His boast that the plan would "get Britain moving again" and lure motorists out of their cars is clearly meaningless. Research published yesterday by the respected Independent Transport Commission showed that if the Government's present policies were pursued, motorists would face a 25 per cent increase in the volume of traffic over the next seven years. It also said a congestion charge on main roads could solve the problem.

So far, the strategy of the Alistair Darling, the Secretary of State for Transport, to divert attention from the Government's failings by keeping his head down seems to have worked. Under his stewardship, and perhaps partly because of world events, the issue has slipped down the political agenda. But the transport system is probably in a worse state than it was when Mr Prescott outlined his vision three years ago.

Yesterday, Mr Darling added to the gloom by warning that fares would have to rise to pay for higher investment in the privatised industry, while rail chiefs indicated that reducing the number of trains was the only conceivable way of making the services more reliable.

Mr Darling is understood to have approved fares rises of about 4 per cent, which he wants to publish within a few weeks, although Downing Street has yet to approve them.
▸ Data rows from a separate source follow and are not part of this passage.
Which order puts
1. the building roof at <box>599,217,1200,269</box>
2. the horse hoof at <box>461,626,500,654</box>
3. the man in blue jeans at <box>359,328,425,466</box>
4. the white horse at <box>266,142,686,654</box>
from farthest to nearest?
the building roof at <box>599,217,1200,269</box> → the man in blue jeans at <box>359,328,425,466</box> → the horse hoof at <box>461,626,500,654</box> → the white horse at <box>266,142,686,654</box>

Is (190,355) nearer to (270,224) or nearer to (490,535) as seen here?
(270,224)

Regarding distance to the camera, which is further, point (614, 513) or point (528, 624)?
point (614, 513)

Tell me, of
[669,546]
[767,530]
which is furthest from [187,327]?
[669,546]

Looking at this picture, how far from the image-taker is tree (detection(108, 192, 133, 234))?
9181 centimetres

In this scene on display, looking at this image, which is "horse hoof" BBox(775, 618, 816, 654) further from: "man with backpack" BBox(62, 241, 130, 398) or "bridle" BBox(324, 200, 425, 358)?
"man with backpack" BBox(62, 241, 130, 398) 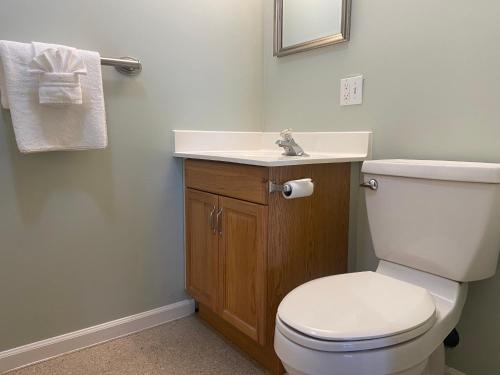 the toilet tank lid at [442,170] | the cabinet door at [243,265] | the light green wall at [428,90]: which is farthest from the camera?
the cabinet door at [243,265]

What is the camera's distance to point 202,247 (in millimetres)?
1611

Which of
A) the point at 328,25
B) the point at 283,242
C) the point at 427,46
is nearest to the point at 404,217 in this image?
the point at 283,242

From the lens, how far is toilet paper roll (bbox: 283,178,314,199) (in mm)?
1180

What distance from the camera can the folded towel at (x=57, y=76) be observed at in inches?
47.0

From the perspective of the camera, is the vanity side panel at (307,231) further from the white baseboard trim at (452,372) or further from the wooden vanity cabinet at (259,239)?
the white baseboard trim at (452,372)

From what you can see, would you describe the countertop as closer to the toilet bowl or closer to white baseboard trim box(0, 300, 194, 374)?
the toilet bowl

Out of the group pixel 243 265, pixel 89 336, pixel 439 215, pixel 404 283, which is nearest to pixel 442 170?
pixel 439 215

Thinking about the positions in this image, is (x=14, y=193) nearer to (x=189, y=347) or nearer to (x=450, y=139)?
(x=189, y=347)

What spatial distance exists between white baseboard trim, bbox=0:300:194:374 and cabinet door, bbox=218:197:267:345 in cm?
39

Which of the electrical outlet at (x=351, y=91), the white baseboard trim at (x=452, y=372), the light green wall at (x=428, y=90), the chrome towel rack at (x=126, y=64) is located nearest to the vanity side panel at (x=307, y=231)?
the light green wall at (x=428, y=90)

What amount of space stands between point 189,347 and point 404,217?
1.05 m

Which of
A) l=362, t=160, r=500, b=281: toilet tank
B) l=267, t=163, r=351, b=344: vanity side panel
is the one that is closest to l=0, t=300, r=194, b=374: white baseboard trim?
l=267, t=163, r=351, b=344: vanity side panel

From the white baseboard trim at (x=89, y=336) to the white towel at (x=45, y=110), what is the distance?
0.80 meters

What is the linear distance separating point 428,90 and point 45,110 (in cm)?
137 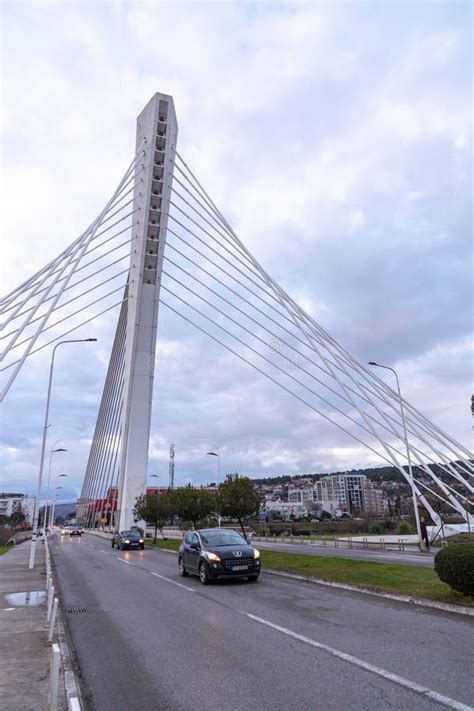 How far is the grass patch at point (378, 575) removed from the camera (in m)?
10.4

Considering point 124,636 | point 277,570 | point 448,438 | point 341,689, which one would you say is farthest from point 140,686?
point 448,438

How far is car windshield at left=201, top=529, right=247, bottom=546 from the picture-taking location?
1498cm

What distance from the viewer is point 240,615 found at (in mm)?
9586

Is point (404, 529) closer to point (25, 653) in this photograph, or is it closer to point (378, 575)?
point (378, 575)

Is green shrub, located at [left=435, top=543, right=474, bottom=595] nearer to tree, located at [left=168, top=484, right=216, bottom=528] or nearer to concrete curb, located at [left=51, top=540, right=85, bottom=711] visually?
concrete curb, located at [left=51, top=540, right=85, bottom=711]

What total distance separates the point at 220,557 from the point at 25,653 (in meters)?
7.43

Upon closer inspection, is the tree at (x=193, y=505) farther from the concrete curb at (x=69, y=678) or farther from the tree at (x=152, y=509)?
the concrete curb at (x=69, y=678)

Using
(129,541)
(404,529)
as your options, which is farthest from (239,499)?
(404,529)

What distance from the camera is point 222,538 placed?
15.3 metres

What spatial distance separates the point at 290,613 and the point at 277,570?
7.77 meters

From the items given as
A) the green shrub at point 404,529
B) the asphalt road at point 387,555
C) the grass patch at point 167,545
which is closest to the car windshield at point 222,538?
the asphalt road at point 387,555

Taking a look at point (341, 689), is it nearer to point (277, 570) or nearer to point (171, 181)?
point (277, 570)

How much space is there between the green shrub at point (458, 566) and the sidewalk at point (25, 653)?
20.6ft

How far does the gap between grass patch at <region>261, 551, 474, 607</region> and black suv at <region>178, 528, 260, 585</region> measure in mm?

Mr Darling and Mr Bowker admitted that performance was still "disappointing", after the latest figures showed one in five trains ran late.

Announcing his "capacity utilisation policy" yesterday, Mr Bowker said that his strategy was "not about cuts" and that there would be no sweeping changes, but a targeted analysis of parts of the network that were over-stretched. He refused to rule out reducing the timetable in busy areas to enhance reliability, but would not be drawn on how many trains would have to be cut.
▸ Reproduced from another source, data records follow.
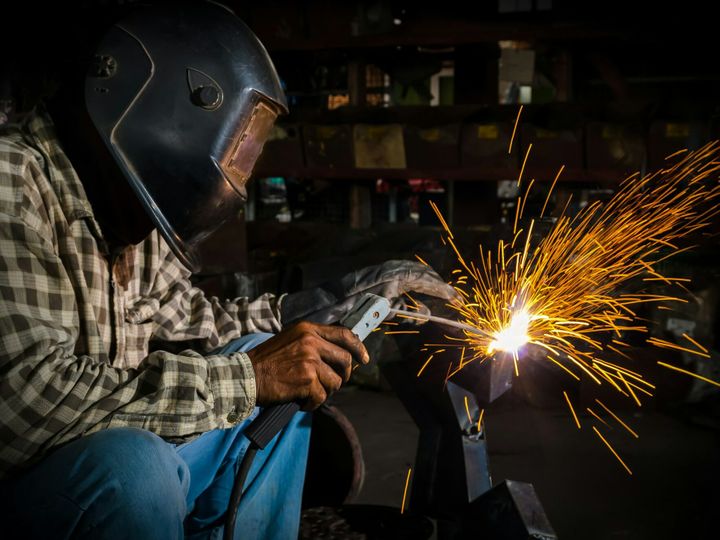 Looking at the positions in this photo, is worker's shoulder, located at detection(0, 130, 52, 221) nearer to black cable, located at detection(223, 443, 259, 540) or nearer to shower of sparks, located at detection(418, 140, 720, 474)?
black cable, located at detection(223, 443, 259, 540)

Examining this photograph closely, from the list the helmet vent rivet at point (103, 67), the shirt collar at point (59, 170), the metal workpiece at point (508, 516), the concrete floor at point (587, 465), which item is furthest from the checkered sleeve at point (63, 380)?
the concrete floor at point (587, 465)

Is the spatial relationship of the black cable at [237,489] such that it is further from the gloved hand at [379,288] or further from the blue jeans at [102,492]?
the gloved hand at [379,288]

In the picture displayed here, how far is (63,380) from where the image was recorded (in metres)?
1.17

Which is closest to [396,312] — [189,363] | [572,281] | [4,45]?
[189,363]

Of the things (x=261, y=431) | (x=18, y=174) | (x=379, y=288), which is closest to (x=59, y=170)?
(x=18, y=174)

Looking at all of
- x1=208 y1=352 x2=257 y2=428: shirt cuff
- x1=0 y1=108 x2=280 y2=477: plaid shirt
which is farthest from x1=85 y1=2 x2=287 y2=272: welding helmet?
x1=208 y1=352 x2=257 y2=428: shirt cuff

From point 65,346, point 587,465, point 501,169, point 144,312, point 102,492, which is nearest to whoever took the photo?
point 102,492

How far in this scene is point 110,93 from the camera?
1.48m

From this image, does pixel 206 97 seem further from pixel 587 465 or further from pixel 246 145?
pixel 587 465

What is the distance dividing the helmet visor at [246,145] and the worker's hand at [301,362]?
0.53m

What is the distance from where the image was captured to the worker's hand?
131 centimetres

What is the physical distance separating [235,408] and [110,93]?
794 mm

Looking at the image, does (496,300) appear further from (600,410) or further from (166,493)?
(600,410)

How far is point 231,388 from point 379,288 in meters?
0.68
Among the routes subject to big cutbacks could be inter-city lines, which official figures show have had a 60 per cent increase in services but only a 10 per cent increase in passengers since privatisation. Main routes in the South-east could also be the subject of "pruning", although the increase in passengers in the region has outstripped the rise in capacity, largely because commuters have few alternatives to the train.
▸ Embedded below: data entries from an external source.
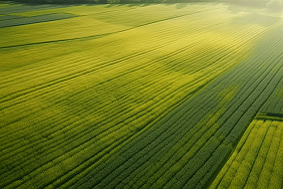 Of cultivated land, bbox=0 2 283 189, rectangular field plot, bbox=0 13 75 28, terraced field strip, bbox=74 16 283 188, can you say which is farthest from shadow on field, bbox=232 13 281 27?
rectangular field plot, bbox=0 13 75 28

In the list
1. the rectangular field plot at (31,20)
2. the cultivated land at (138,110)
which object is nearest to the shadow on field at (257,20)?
the cultivated land at (138,110)

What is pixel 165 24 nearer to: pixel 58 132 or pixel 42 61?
pixel 42 61

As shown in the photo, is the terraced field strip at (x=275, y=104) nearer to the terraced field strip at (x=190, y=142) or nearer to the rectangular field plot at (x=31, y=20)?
the terraced field strip at (x=190, y=142)

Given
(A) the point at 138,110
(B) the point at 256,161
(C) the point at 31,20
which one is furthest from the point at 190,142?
(C) the point at 31,20

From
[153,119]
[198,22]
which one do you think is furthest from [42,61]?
[198,22]

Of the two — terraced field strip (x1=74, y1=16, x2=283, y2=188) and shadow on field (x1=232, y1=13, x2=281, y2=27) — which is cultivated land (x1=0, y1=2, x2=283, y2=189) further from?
shadow on field (x1=232, y1=13, x2=281, y2=27)

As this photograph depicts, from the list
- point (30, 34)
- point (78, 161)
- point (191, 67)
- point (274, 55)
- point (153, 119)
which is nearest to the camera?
point (78, 161)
Mr Bowker believes the failure to attract passengers to inter-city routes has been caused mainly by their unreliability. He made no mention of the huge fares paid by passengers who failed to book ahead.

The SRA chairman indicated that he would abolish trains on such routes if it meant an improvement in punctuality, as he has done on the Virgin CrossCountry network. He said that reliability on the Virgin franchise had improved "dramatically" since the services were cut. Yet a third of trains were reported to be late in the first three months of the year.

The aim of increasing the number of passengers using the network by 50 per cent, writ large in Mr Prescott's 10-year plan, has evaporated. The SRA envisages that the increase will be nearer 30 per cent.

All the £33bn of taxpayers' money earmarked for rail in the Prescott plan has been allocated and there are no massive improvements in the system in prospect. Mr Prescott's hope of attracting £34bn of private- sector money is no longer mentioned by ministers.

Half of the passenger train operating companies are being bailed out by massive and unforeseen handouts from taxpayers, with nearly a quarter of them technically insolvent. Most observers agree that the train network is "privatised" in name only. Network Rail, the not-for-profit organisation that took over from the bankrupt Railtrack, has become a financial black hole.

Tom Winsor, the rail regulator, has said that the lack of private shareholders in the company had led to an "explosion" in costs. Network Rail is asking Mr Winsor for £27.8bn to run the network over the next five years, compared with the £16bn agreed with Railtrack for the same period. The money will be spent, not on important projects to build high-speed trains similar to the TGV in France, but to stop the existing infrastructure falling apart.

Steve Hounsham, of Transport 2000, said that the Government should be given credit for initially placing rail near the top of its agenda, but he criticised it for failing to put in place efficient systems for spending the extra investment. "The whole system has run into the buffers," he said.